So where is Property Law? Under this view, it does not exist as a substantive category. Indeed, a Property course consists of tort cases, contract cases, criminal cases, and a few cases nominally labeled property cases but which are easily seen to be contract cases with different default rules and procedures. The chart simply makes plain that it could not be otherwise.
Can you see why the set of laws in the Parens Patriae category might be a very small one?
Let's keep going for just a bit on the similarities among the substantive courses in order to discern a role for Property within a first-year education. While Contract, Tort, and Criminal Law differ in the nature of the institutions that make law and prosecute violations, they are remarkably similar in how their causes of action work. In each of these courses, you will learn an identical pattern for analyzing a lawsuit: Duty, Breach, Causation, Defenses, Damages. These may be taken up in different orders. The steps may even be given different names. But the essence is the same:
1. Did the defendant owe a _duty_ that is the subject of the lawsuit? Duties are what me might causally think of as "the law," the things we must do or not do. They are created by legislatures, contracts, or courts. In Contracts, you will be concerned with the procedures for enacting duties (offer and acceptance, for example) and interpreting written contracts to determine what duties have been created. In Torts, you will primarily study judge-made duties and the policies behind them. While in Criminal Law, many textbooks focus on the duties contained in the Model Penal Code.
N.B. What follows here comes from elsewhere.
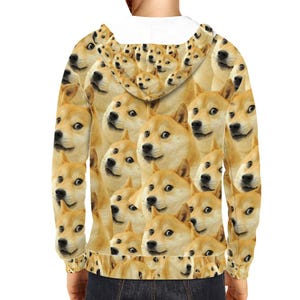 Puede incluir: Una sudadera con capucha con un patrón repetido de caras de memes Doge. El diseño cubre toda la espalda y las mangas de la prenda. Las caras de Doge son en tonos beige y marrón, con ojos y narices negros.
2. Did the defendant breach the duty owed? Duties are often stated in general terms, and the question of breach is whether the a duty was violated under the specific facts of the case -- an exercise that often involves returning to the question of duty and gaining more precision about what is and what is not against the law. If I owe a duty to avoid injuring others by driving a car using the ordinary degree of care a reasonable and prudent person would under the circumstances, whether I violated that duty by shifting my attention to the air conditioning or heating while in heavy traffic is a question of breach.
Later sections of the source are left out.